Temple Grandin is an author, inventor, animal advocate, and proud autistic individual. She was born on August 29, 1947, in Boston, Massachusetts. Temple did not talk until she was three and a half years old. At the time, her mother did not have many resources to understand how her brain worked. She was diagnosed with autism. Temple’s mother worked for years with her to develop her verbal and social skills. With the help of her mother and other mentors, Temple grew into a self-confident, intelligent person. She now spends a lot of her time talking and teaching people about autism spectrum disorder.

Temple Grandin’s life revolves around her work with animals. In fact, she often speaks about how her own experience with autism influences her work with animals. She gets stressed and anxious when she is in big groups and other social situations. She wants to make sure animals don’t experience this same stress. She also thinks in pictures. If someone says, “think of a boat,” she thinks of many specific boats she has seen before. Her brain is like a slideshow of images. She realized that, similar to her, animals respond to visual distractions such as chains, shadows, or machinery. Animals begin to get excited and can get hurt easily. By taking away these distractions, cattle farmers can limit an animal’s stress and give it a better life. She used these connections with animals to design a new way of restraining, or holding, them. This invention was called a center track conveyor restrainer system. It is now used in many cattle farms across the United States.

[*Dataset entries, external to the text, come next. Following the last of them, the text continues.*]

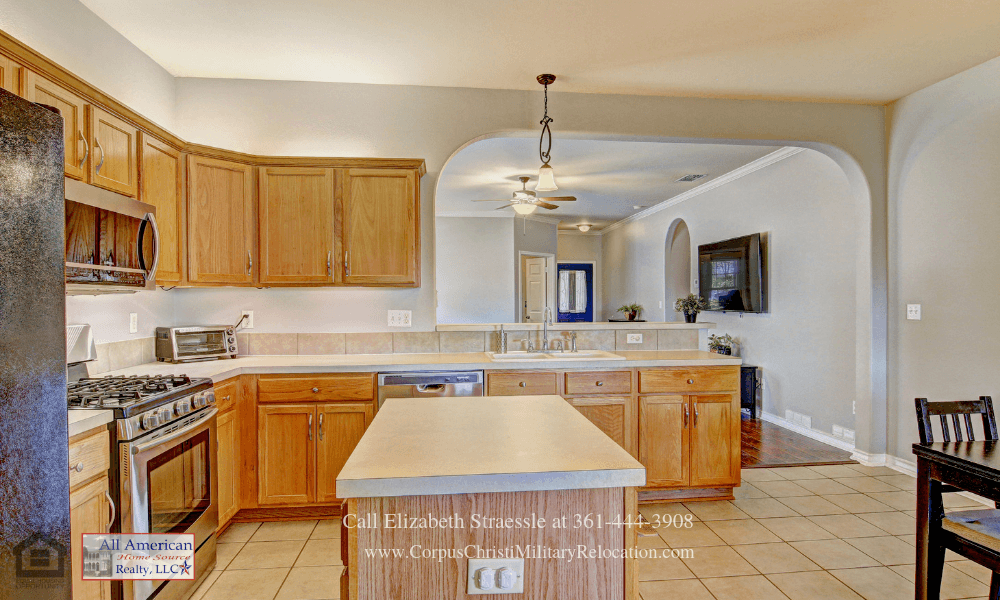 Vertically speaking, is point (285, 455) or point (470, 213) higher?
point (470, 213)

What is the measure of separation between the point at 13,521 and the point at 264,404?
221cm

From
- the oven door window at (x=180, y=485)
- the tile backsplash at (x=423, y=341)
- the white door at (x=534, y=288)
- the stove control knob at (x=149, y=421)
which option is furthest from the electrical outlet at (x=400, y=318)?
the white door at (x=534, y=288)

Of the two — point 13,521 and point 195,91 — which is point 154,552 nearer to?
point 13,521

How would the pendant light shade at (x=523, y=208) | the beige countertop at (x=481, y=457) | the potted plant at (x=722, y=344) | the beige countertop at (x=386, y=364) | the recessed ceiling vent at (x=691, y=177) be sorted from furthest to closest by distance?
the recessed ceiling vent at (x=691, y=177) → the pendant light shade at (x=523, y=208) → the potted plant at (x=722, y=344) → the beige countertop at (x=386, y=364) → the beige countertop at (x=481, y=457)

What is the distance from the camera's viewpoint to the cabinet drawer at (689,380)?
10.2 ft

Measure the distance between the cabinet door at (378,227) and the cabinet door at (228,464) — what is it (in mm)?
1009

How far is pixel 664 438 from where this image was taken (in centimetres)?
312

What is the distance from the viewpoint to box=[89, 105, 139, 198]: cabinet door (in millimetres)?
2189

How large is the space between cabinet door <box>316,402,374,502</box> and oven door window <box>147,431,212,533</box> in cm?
60

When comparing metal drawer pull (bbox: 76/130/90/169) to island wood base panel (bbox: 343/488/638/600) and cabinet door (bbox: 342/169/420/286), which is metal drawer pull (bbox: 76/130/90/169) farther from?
island wood base panel (bbox: 343/488/638/600)

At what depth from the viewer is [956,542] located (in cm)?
173

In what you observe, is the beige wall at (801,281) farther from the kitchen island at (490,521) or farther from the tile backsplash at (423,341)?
the kitchen island at (490,521)

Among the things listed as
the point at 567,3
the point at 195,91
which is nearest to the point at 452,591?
the point at 567,3

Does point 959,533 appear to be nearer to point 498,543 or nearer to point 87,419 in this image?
point 498,543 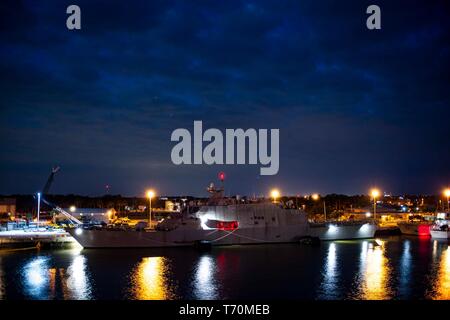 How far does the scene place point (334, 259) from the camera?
1580 inches

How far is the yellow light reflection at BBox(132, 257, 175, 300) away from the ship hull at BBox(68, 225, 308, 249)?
10535 millimetres

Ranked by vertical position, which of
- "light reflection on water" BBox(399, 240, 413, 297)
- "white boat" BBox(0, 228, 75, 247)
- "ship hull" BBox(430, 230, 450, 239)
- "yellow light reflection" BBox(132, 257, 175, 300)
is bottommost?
"ship hull" BBox(430, 230, 450, 239)

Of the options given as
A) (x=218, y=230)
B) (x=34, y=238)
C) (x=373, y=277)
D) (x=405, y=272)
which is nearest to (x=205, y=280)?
(x=373, y=277)

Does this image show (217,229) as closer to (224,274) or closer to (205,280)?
(224,274)

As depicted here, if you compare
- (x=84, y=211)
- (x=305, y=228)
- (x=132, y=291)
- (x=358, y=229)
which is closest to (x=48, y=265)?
(x=132, y=291)

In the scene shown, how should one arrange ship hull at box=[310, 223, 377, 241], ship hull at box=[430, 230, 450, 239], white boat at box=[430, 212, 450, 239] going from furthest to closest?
white boat at box=[430, 212, 450, 239] < ship hull at box=[430, 230, 450, 239] < ship hull at box=[310, 223, 377, 241]

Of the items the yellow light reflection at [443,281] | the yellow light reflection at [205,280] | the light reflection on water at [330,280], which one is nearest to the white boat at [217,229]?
the yellow light reflection at [205,280]

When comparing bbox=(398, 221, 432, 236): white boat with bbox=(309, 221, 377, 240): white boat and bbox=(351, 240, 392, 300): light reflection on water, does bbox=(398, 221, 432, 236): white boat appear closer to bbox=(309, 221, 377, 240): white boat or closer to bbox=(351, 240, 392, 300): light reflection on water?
bbox=(309, 221, 377, 240): white boat

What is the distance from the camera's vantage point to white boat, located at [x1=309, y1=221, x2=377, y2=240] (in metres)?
57.3

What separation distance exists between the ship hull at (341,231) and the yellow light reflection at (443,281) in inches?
688

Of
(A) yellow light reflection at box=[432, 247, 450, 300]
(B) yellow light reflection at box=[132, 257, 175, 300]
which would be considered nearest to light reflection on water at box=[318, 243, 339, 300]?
(A) yellow light reflection at box=[432, 247, 450, 300]

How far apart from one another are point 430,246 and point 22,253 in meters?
45.9

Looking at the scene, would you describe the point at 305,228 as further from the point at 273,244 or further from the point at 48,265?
the point at 48,265

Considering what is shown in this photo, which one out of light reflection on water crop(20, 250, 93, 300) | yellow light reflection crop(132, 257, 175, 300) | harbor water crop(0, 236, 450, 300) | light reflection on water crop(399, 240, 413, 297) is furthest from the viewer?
light reflection on water crop(399, 240, 413, 297) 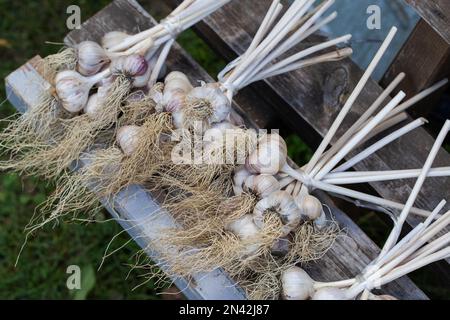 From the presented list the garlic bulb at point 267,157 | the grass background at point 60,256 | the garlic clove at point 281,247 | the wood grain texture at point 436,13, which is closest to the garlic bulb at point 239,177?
the garlic bulb at point 267,157

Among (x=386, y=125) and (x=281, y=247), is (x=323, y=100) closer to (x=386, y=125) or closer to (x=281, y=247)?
(x=386, y=125)

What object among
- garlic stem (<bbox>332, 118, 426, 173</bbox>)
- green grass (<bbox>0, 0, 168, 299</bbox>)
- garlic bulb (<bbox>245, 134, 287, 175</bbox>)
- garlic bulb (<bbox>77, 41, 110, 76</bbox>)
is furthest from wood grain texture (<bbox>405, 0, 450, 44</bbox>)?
green grass (<bbox>0, 0, 168, 299</bbox>)

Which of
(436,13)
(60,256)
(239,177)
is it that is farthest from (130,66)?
(60,256)

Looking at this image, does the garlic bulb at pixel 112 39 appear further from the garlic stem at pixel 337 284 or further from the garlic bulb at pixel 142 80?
the garlic stem at pixel 337 284

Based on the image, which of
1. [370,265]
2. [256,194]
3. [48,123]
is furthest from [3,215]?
[370,265]

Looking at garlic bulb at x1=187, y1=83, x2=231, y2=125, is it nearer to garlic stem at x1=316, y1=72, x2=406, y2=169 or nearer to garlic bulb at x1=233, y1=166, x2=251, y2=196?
garlic bulb at x1=233, y1=166, x2=251, y2=196

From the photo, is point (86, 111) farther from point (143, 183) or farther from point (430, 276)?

Temple believes her autism has benefited her greatly and given her the skills to help improve the lives of animals. She has been a champion for neurodiversity. She believes the world needs different kinds of minds to work together. And she believes it is important to train teachers to support children who have different skills and challenges. In high school, Temple had a science teacher who supported her and became her mentor. He helped her gain self-confidence and realize she had an ability to connect with animals. Temple Grandin hopes all neurodiverse children could have this kind of teacher who pushes them to be their best self.